- **What you need to do**
Only the lines from the one that contains "Baby Pink Bunny" to the end of the material below are wanted, each duplicated exactly.

- **Given records**
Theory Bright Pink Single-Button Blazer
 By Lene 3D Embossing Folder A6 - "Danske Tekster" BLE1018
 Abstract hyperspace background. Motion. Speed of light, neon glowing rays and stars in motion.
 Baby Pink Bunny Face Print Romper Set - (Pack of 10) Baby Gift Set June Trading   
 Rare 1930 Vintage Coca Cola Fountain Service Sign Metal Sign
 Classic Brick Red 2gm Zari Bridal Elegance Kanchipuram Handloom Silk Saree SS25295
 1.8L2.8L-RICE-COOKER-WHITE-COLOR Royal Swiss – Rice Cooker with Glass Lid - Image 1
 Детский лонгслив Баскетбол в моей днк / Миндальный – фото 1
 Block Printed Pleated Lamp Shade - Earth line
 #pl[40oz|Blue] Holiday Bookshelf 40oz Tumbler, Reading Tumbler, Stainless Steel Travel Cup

- **Solution**
 Baby Pink Bunny Face Print Romper Set - (Pack of 10) Baby Gift Set June Trading   
 Rare 1930 Vintage Coca Cola Fountain Service Sign Metal Sign
 Classic Brick Red 2gm Zari Bridal Elegance Kanchipuram Handloom Silk Saree SS25295
 1.8L2.8L-RICE-COOKER-WHITE-COLOR Royal Swiss – Rice Cooker with Glass Lid - Image 1
 Детский лонгслив Баскетбол в моей днк / Миндальный – фото 1
 Block Printed Pleated Lamp Shade - Earth line
 #pl[40oz|Blue] Holiday Bookshelf 40oz Tumbler, Reading Tumbler, Stainless Steel Travel Cup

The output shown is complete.